In this Section we will look at one of the most popular tasks in NLP — text classification. It concerns with assigning one or more groups for a given piece of text, from a larger set of possible groups. It has a wide range of applications across diverse domains such as social media, e-commerce, healthcare, law, marketing, to name a few. A common example of text classification in our daily lives is classifying emails as spam and non-spam. Even though the purpose and application of text classification may vary from domain to domain, the underlying abstract problem remains the same. This invariance of the core problem and its applications in a myriad of domains makes text classification by far the most widely used NLP task in industry and researched in academia. In this chapter, we will discuss the usefulness of text classification, and how to build text classifiers for your use cases, along with some practical tips for real world scenarios.

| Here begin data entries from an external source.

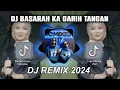 Download Lagu DJ BASARAH KA GARIH TANGAN FULL BASS VIRAL TIKTOK TERBARU 2024
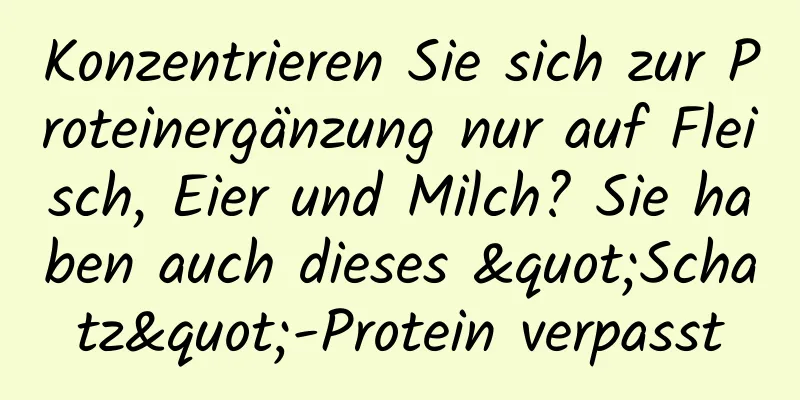 Konzentrieren Sie sich zur Proteinergänzung nur auf Fleisch, Eier und Milch? Sie haben auch dieses "Schatz"-Protein verpasst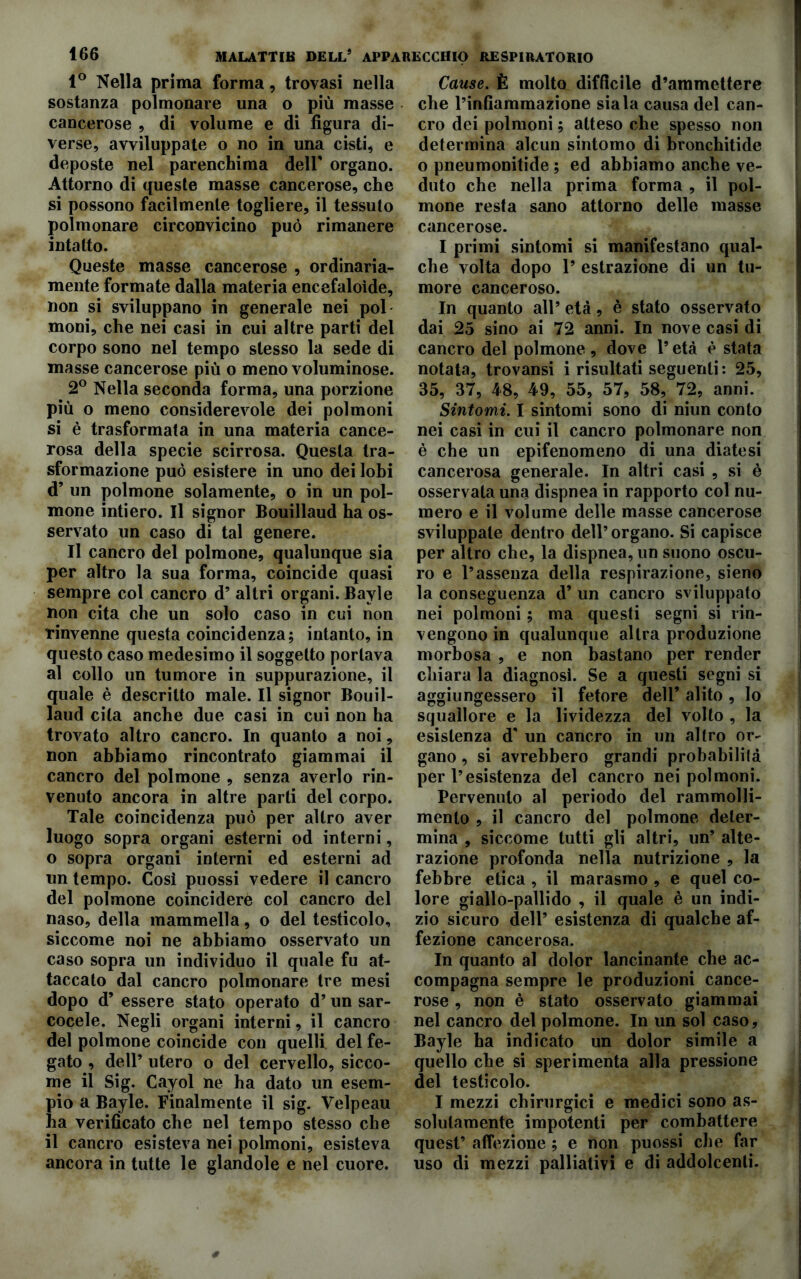 1° Nella prima forma, trovasi nella sostanza polmonare una o più masse cancerose , di volume e di figura di- verse, avviluppate o no in una cisti, e deposte nel parenchima dell' organo. Attorno di queste masse cancerose, che si possono facilmente togliere, il tessuto polmonare circonvicino può rimanere intatto. Queste masse cancerose , ordinaria- mente formate dalla materia encefaloìde, non si sviluppano in generale nei poi moni, che nei casi in cui altre parti del corpo sono nel tempo stesso la sede di masse cancerose più o meno voluminose. 2° Nella seconda forma, una porzione più o meno considerevole dei polmoni si è trasformata in una materia cance- rosa della specie scirrosa. Questa tra- sformazione può esistere in uno dei lobi d’ un polmone solamente, o in un pol- mone intiero. Il signor Bouillaud ha os- servato un caso di tal genere. Il cancro del polmone, qualunque sia per altro la sua forma, coincide quasi sempre col cancro d’ altri organi. Bayle non cita che un solo caso in cui non rinvenne questa coincidenza; intanto, in questo caso medesimo il soggetto portava al collo un tumore in suppurazione, il quale è descritto male. Il signor Bouil- laud cita anche due casi in cui non ha trovato altro cancro. In quanto a noi, non abbiamo rincontrato giammai il cancro del polmone , senza averlo rin- venuto ancora in altre parti del corpo. Tale coincidenza può per altro aver luogo sopra organi esterni od interni, o sopra organi interni ed esterni ad un tempo. Così puossi vedere il cancro del polmone coinciderò col cancro del naso, della mammella, o del testicolo, siccome noi ne abbiamo osservato un caso sopra un individuo il quale fu at- taccato dal cancro polmonare tre mesi dopo d’ essere stato operato d’un sar- cocele. Negli organi interni, il cancro del polmone coincide con quelli del fe- gato , dell’ utero o del cervello, sicco- me il Sig. Cayol ne ha dato un esem- pio a Bayle. Finalmente il sig. Velpeau ha verificato che nel tempo stesso che il cancro esisteva nei polmoni, esisteva ancora in tutte le glandole e nel cuore. Cause. È molto difficile d’ammettere che l’infiammazione siala causa del can- cro dei polmoni ; atteso che spesso non determina alcun sintomo di bronchitide o pneumonitide ; ed abbiamo anche ve- duto che nella prima forma , il pol- mone resta sano attorno delle masse cancerose. I primi sintomi si manifestano qual- che volta dopo 1’ estrazione di un tu- more canceroso. In quanto all’ età, è stato osservato dai 25 sino ai 72 anni. In nove casi di cancro del polmone , dove l’età è stata notata, trovansi i risultati seguenti: 25, 35, 37, 48, 49, 55, 57, 58, 72, anni. Sintomi. I sintomi sono di niun conto nei casi in cui il cancro polmonare non è che un epifenomeno di una diatesi cancerosa generale. In altri casi , si è osservata una dispnea in rapporto col nu- mero e il volume delle masse cancerose sviluppale dentro dell’organo. Si capisce per altro che, la dispnea, un suono oscu- ro e l’assenza della respirazione, sieno la conseguenza d’ un cancro sviluppato nei polmoni ; ma questi segni si rin- vengono in qualunque altra produzione morbosa , e non bastano per render chiara la diagnosi. Se a questi segni si aggiungessero il fetore dell’ alito, Io squallore e la lividezza del volto , la esistenza d' un cancro in un altro or- gano , si avrebbero grandi probabilità per l’esistenza del cancro nei polmoni. Pervenuto al periodo del rammolli- mento , il cancro del polmone deter- mina , siccome tutti gli altri, un’ alte- razione profonda nella nutrizione , la febbre etica , il marasmo , e quel co- lore giallo-pallido , il quale è un indi- zio sicuro dell’ esistenza di qualche af- fezione cancerosa. In quanto al dolor lancinante che ac- compagna sempre le produzioni cance- rose , non è stato osservato giammai nel cancro del polmone. In un sol caso, Bayle ha indicato un dolor simile a quello che si sperimenta alla pressione del testicolo. I mezzi chirurgici e medici sono as- solutamente impotenti per combattere quest’ affezione ; e non puossi che far uso di mezzi palliativi e di addolcenti.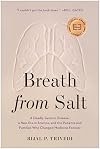 Breath from Salt: A Deadly Genetic Disease, a New Era in Science, and the Patients and Families Who Changed Medicine Forever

A taxonomy of text classification
Any supervised classification approach, including text classification can be further distinguished into three types based on the number of categories involved: binary, multiclass and multilabel classification. If the number of classes is two, it is called binary classification. If the number of classes are more than two, it is referred to as multiclass classification. Thus, classifying an email as spam or not spam is an example of binary classification setting. Classifying sentiment of a customer review as negative, neutral or positive is an example of multiclass classification. In both binary and multiclass settings, each document belongs to exactly one class from C, where C is the set of all possible classes. In multi-label classification, a document can have one or more labels/classes attached to it. For example, a news article on soccer match may simultaneously belong to more than one category such as “sports” and “soccer”. While another news article, say on US elections, may have labels : “politics”, “USA”, and “elections”. Thus, each document has labels that are subset of C. Each article can be in no class, exactly one, multiple classes or all the classes. Sometimes the number of labels in the set C can be very large (known as “extreme classification”)
Content classification and organization: This refers to the task of classifying/tagging large amounts of textual data. This in turn is used to powers use cases like content organization, search and recommendation, to name a few. Examples of such data include news websites, blogs, online book shelves, product reviews, tweets etc. Tagging product descriptions in an e-commerce website, routing customer service requests in a company to the appropriate support team, organizing our emails into personal/social/promotions etc on gmail — are all examples of using text classification for content classification and organization.
Customer Support: Customers commonly use social media to express their opinions/experience of a product or service.
E-Commerce: Customers leave their reviews for a range of products on e-commerce websites such as amazon, ebay etc. An example use of text classification in such scenarios is to understand and analyse the perception of customers towards a product or service based on their comments.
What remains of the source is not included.